Throughout the day preceding the attack, the Canadian Scottish lay hidden in wait. Lt.-Col. Cyrus Peck permitted only small reconnaissance parties sent forward one after the other to inspect the offensive terrain. To prevent the Germans from realizing a buildup of forces had taken place, the Australian Corps had extended its lines so that it occupied the frontage assigned to the Canadians. Come the evening the Australians would slip to the side as the Canadians moved up. The 16
th
Battalion would relieve 49
th
Australian Battalion. So shrouded in secrecy was the planned offensive that when officers from one Can Scot reconnaissance party quizzed the Australians they “knew nothing of the intended offensive, or the fact that tens of thousands of Canadians lay under cover a few hundred yards behind.… No direct questions affecting the operation could therefore be asked of its officers, a rather unsatisfactory state of affairs, as the jumping-off area bordered the outpost line, which was 800 yards ahead of the main trench and inaccessible by day.”
7
Just before midnight, the Canadian Scottish assembled by companies to receive battle supplies and rations. What would normally be a quickly executed process dragged on for hours. In order to prevent the noise of large parties coming forward from tipping the Germans to the fact something was up, the Canadian battalions were all supplied by small parties coming up one after the other. Zero Hour was almost upon them before the process was complete. Peck had anxiously watched the supplies being doled out and finally accepted that his troops would not be ready “until the last minute.”
8
Their kit, though, was lighter than ever before. To emphasize speed the heavy packs were left behind. Instead they slung small, light haversacks on their backs. But stuffed with 170 rounds, four grenades, forty-eight hours' worth of iron rations, water bottles, and a ground sheet, the haversacks bulged to capacity. The Lewis gun crews crammed fifty magazines into pouches and still worried about running dry.
9
But the troops were assured that the twenty-two tanks supporting the brigade, seven of which would advance with the Can Scots, would provide them with a mobile source of supply. Each tank was loaded with 21,000 bullets and an array of shovels, picks, water canisters, and grenades.
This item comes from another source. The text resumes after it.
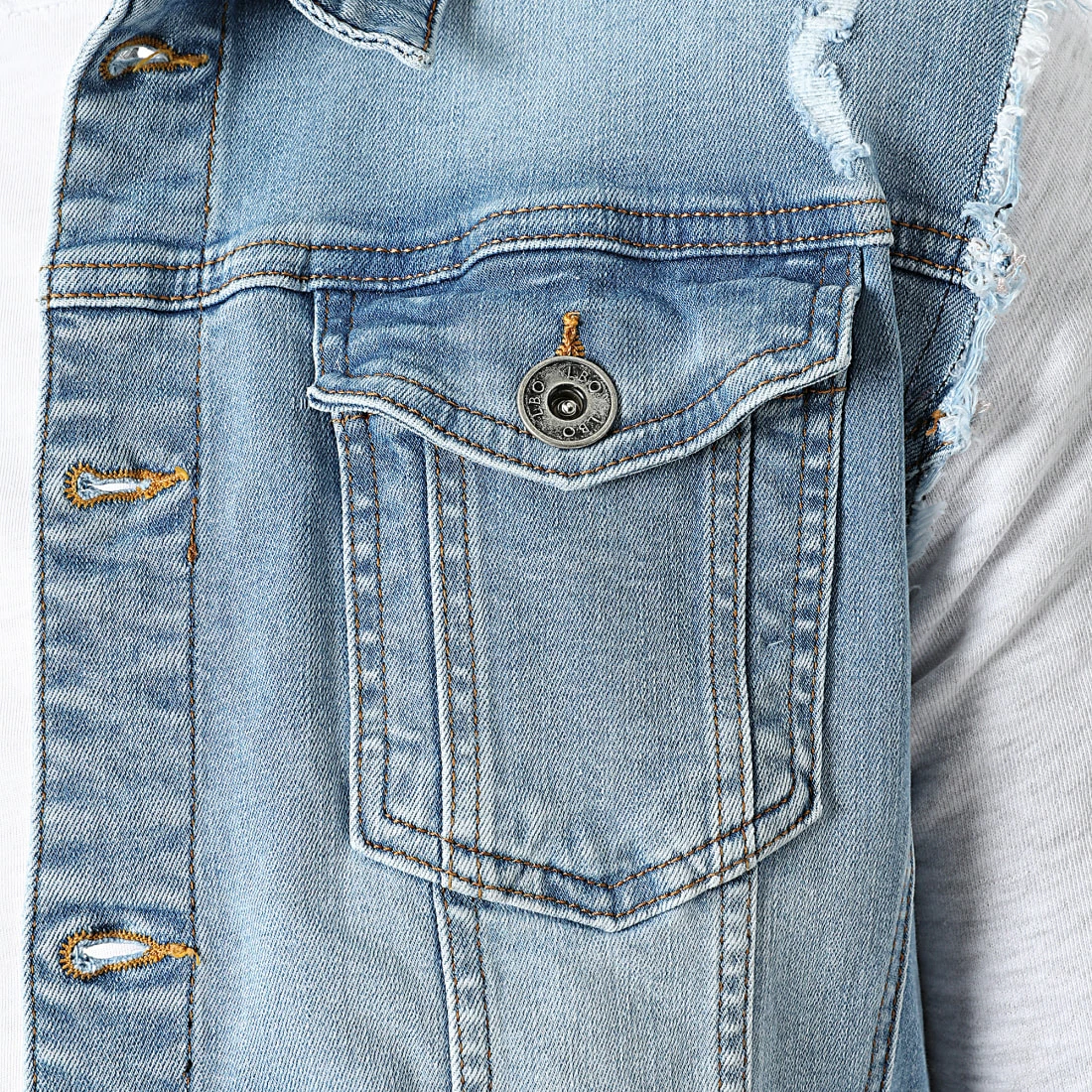 Nouveau 🥰 Veste Jean A Capuche 1519 Bleu Denim Gris Clair de LBO 🔥 4 Nouveau 🥰 Veste Jean A Capuche 1519 Bleu Denim Gris Clair de LBO 🔥 – Image 2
Peck told his officers that the Zero Hour barrage would “be laid down 200 yards in front of the jumping off position, remaining there three minutes. It will then lift 100 yards every two minutes for 2 lifts, 100 yards every three minutes for 8 lifts and then 100 yards every 4 minutes until the limit of the barrage is reached. M.Gs. will barrage after this. One mobile brigade of field artillery will move forward with the attack. A protective barrage of smoke will be placed on Green Line during the halt.”
10
After issuing these orders, Peck chanced into Padre Frederick Scott, who had come to join 16
th
Battalion in going over the top. “If anything happens to me don't make any fuss over me; just say a few words over me in a shell hole,” Peck told his friend. “You will be all right, Colonel. There will be no shell hole for you,” Scott replied firmly.